Sunday, October 9, 2016

Ramble Report October 6 2016




Today's Ramble was lead by Linda Chafin.
Here's the link to Don's Facebook album for today's Ramble. (All the photos in this post are compliments of Don. Don also has a butterfly album you can see here.)
Today's post was written by Dale Hoyt.

Attendees:32

Announcements:Visit this page to see the current Announcements.

Today's reading: Rosemary read a poem by Denise Levertov:


Looking, Walking, Being

"The World is not something to
look at, it is something to be in."
-- Mark Rudman

I look and look.
Looking's a way of being: one becomes,
sometimes, a pair of eyes walking.
Walking wherever looking takes one.

The eyes
dig and burrow into the world.
They touch
fanfare, howl, madrigal, clamor.
World and the past of it,
not only
visible present, solid and shadow
that looks at one looking.

And language? Rhythms
of echo and interruption?
That's
a way of breathing.

breathing to sustain
looking,
walking and looking,
through the world,
in it.

~ Denise Levertov ~
(Poems, 1960-1967)

Dale read the entry for October 6 from An Almanac For Moderns by Donald Culross Peattie:


NOBODY knows the birth date of John Chapman, known as Johnny Appleseed, so that I shall put him where, I am sure, he would have preferred his biography to be inserted, in apple time. Sandburg and Stephen Benet and Vachel Lindsay have all sung his praises, and from his obscurity John (not Jonathan, as he is sometimes inaccurately called) has emerged as a national hero.
Perhaps the only American who resembles an early Christian saint, he too went his barefoot way in sackcloth, subsisting upon roots, thundering out denunciations of pioneer vanity – store calico and tea drinking – and planting apple seeds wherever he set foot.
Legend concerning him has grown to almost homeric proportions. Many cities and states claim that their apples are descended from his sowing. The sober facts seem to be that he arrived on the Ohio about 1801, being then some twenty-six years in age, a completely daft young Elijah – with a dash of Daniel Boone and General William Booth – who went about in Ohio and Indiana starting orchards from seed. He regarded cutting and grafting as immoral and contrary to the will of God. In flouting horticultural experience he seems to have been motivated by a compassion for apple trees, a devout belief that they should not be deprived of regular sexual fertilization. There is no record that any woman ever looked with favor upon poor ragged Johnny. At sixty-five he died of exhaustion, after a hundred mile trip afoot to one of his orchards. Mad he undoubtedly was, but Saint Paul would have approved of him, and so would Whitman, and Francis of Assisi.

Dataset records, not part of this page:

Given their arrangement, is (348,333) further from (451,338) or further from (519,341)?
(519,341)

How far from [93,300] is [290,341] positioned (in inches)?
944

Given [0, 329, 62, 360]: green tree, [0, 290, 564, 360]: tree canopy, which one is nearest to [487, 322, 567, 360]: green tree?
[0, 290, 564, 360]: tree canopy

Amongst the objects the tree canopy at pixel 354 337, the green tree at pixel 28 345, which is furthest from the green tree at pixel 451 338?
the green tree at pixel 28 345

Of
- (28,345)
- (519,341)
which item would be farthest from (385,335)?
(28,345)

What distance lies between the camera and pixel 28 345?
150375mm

Today's route: From the Arbor down through the Dunson Native Flora Garden, exiting through the fence at the bottom. Then over to the power line right-of-way where we turned toward the river. About half way from the old deer fence we turned around and returned to the Arbor.

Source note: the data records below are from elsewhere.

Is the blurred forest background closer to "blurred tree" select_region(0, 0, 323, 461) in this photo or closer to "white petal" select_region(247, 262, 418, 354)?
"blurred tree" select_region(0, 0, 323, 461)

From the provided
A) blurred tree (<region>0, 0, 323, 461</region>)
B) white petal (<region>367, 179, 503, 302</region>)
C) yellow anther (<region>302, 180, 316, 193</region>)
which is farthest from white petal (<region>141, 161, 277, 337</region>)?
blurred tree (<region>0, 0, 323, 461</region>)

Armadillo foraging activity scrapes up the mulch and leaf litter in the Dunson Garden
We've noticed evidence of armadillo activity in the garden many times this summer and today was no exception. The mulched paths in the Dunson Garden this morning looked like they had been visited by an eager gardener with a hoe, but it was an eager armadillo foraging for food. They eat insects and other invertebrates that live in the leaf litter and the upper surface of the soil. Jeff told us about the culinary preparation of armadillos as well as how they came to be one of the recent immigrants to Georgia.



According to James F. Taulman and Lynn W. Robbins ( Journal of Biogeography, 1996, vol. 23, pp.635-648): 

"Dispersal through Texas to the north and east has been steady and progressive from the first records in the mid-19th century to the present. Moreover, the Florida population, first founded by a few individuals released from a personal zoo near Titusville in 1924 and augmented by the accidental release of additional armadillos from a circus truck in 1936 . . . has continued to disperse in all directions."

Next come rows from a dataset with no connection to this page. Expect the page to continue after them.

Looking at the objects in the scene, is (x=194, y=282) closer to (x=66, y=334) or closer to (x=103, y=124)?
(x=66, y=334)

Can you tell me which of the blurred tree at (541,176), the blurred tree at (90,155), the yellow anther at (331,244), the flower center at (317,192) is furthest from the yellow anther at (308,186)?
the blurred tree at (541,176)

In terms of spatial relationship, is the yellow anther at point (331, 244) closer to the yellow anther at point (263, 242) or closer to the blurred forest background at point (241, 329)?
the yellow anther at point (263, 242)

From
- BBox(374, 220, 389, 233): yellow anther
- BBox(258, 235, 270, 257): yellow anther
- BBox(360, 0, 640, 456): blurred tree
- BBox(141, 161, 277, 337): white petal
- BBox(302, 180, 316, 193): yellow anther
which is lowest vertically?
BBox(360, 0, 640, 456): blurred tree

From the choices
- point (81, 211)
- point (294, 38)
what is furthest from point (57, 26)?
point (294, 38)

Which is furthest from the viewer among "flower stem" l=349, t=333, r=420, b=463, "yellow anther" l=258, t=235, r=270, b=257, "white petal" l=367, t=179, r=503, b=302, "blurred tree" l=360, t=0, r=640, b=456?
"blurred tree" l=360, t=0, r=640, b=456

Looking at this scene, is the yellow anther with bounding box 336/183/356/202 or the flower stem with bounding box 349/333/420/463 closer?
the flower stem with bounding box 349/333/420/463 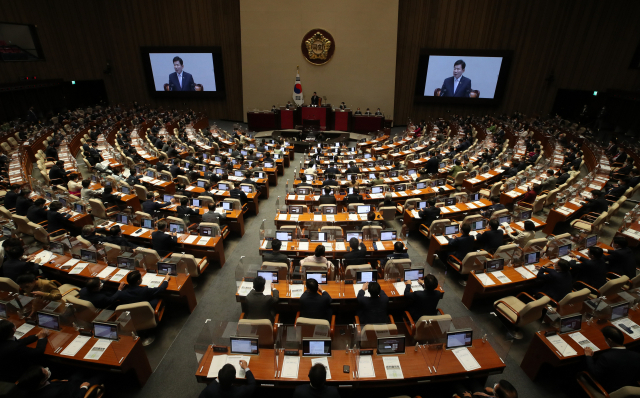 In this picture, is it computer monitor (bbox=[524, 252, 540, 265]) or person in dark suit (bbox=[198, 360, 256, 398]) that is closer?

The Nine-banded armadillo is the only mammal, other than humans, known to be susceptible to the bacterium (Mycobacterium leprae) that causes leprosy. (Leprosy is now known as Hansen's disease.) Because M. leprae cannot be artificially cultivated Armadillos are important in studying leprosy. (This does not mean that all armadillos carry Hansen's disease, only that the bacterium can live in their tissues. Hansen's disease is not highly communicable. People have lived many years in contact with afflicted people without contracting the disease. And many rural people have eaten armadillo meat without contracting the disease.)

The northward spread of the armadillo population appears to be limited by unfavorable winter weather in more northern locales. (They can only survive in areas where there are less than 9 consecutive freeze days.)



Jeff also showed us a hickory twig with attached leaves that he found in the garden. It had been attacked by a beetle called the Hickory twig girdler. As its name implies, the adult beetle chews a through the bark of a small twig, moving around the twig as it nibbles. This creates a circular trough that completely girdles the twig, killing the leaves beyond the point of girdling. An egg is laid in the twig beyond the girdled area and the larva feeds on the woody tissue. The twig is weakened by the girdling and will break off and fall to the ground. The beetle larva overwinters in the fallen twig and completes its development the following summer. Twigs that harbor the beetle larva have a smoothly cut surface where they were attached to the tree.



Painted Buckeye fruit
There are a lot of the small, shrubby Painted Buckeyes in the DNFG and they have already lost most of their leaves. These Buckeyes are the first shrubs to leaf out in the spring and the first to lose their leaves in the fall. Some have produced fruit that is beginning to ripen (the thin brown husk covering the seed is starting to split) and soon the large seeds will fall to the ground. These seeds resemble those of the Ohio buckeye, but they are lighter in color and the "eye" is much smaller. Maybe that means they won't bring as much good luck.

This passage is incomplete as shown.